**Description of the task**
Within the listing that follows, reproduce exactly the lines starting at the line with "PG Gioielli - 18" and ending at the line with "الذكاء الاصطناعي والرجفان", inclusive, and only those. Pictures are dropped.

**Data supplied**
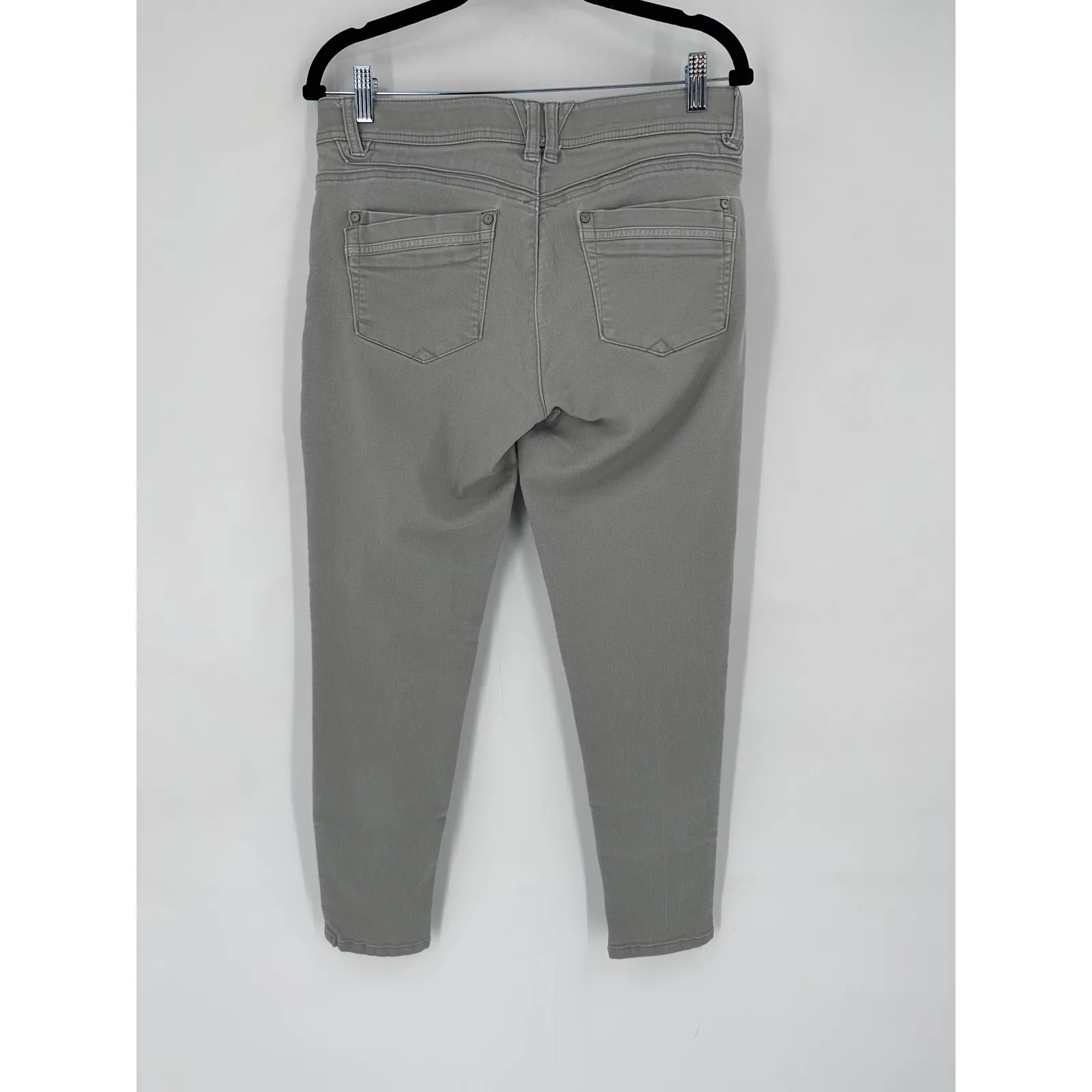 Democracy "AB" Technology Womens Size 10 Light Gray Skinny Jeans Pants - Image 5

---

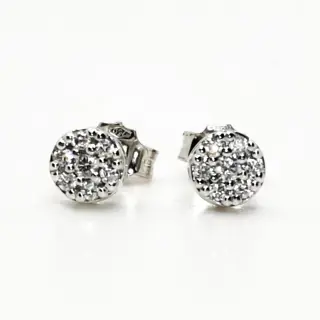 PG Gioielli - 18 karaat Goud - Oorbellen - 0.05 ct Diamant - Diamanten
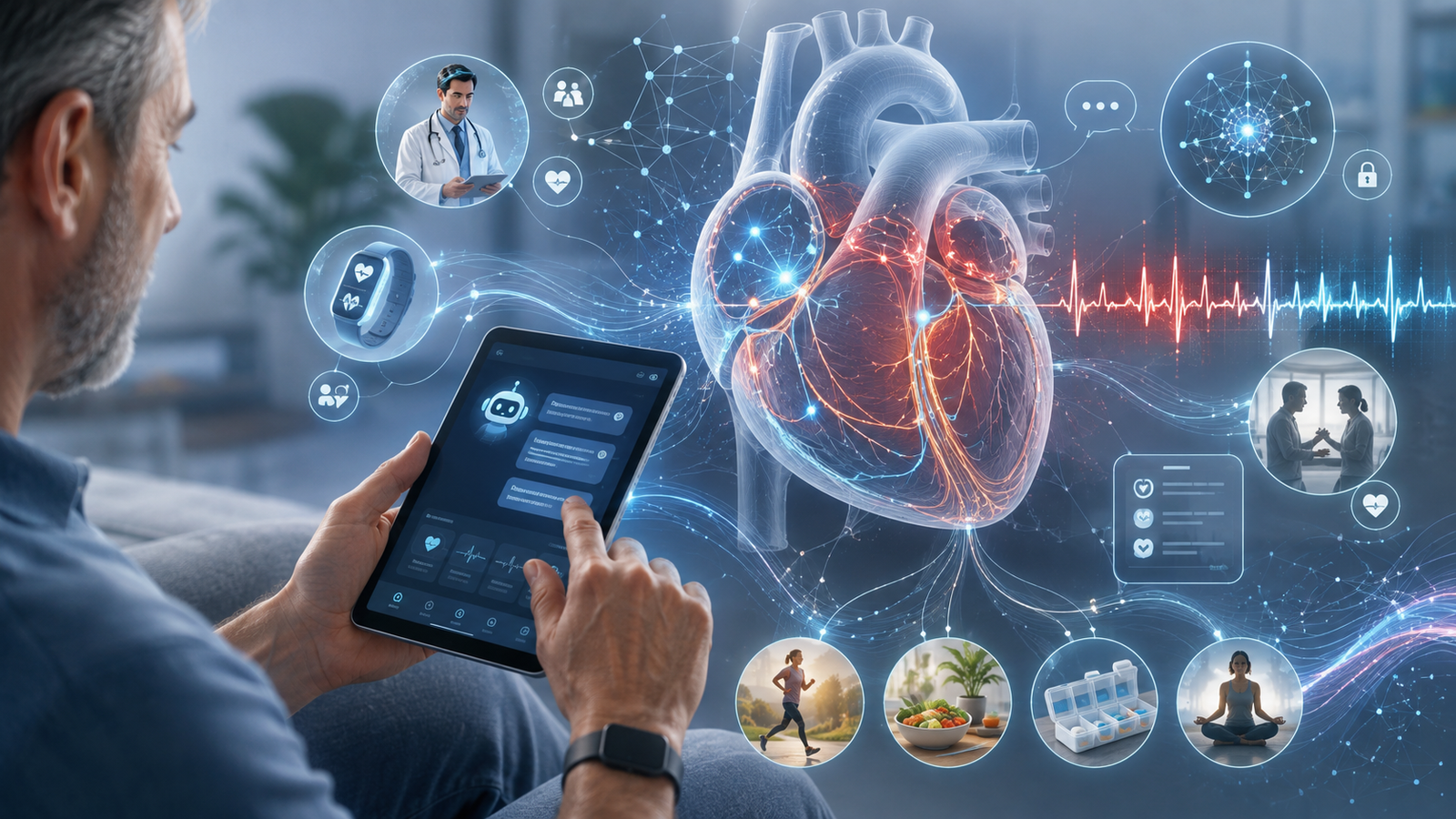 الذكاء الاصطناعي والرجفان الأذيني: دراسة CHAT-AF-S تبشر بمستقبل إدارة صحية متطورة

**Solution**
 PG Gioielli - 18 karaat Goud - Oorbellen - 0.05 ct Diamant - Diamanten
 الذكاء الاصطناعي والرجفان الأذيني: دراسة CHAT-AF-S تبشر بمستقبل إدارة صحية متطورة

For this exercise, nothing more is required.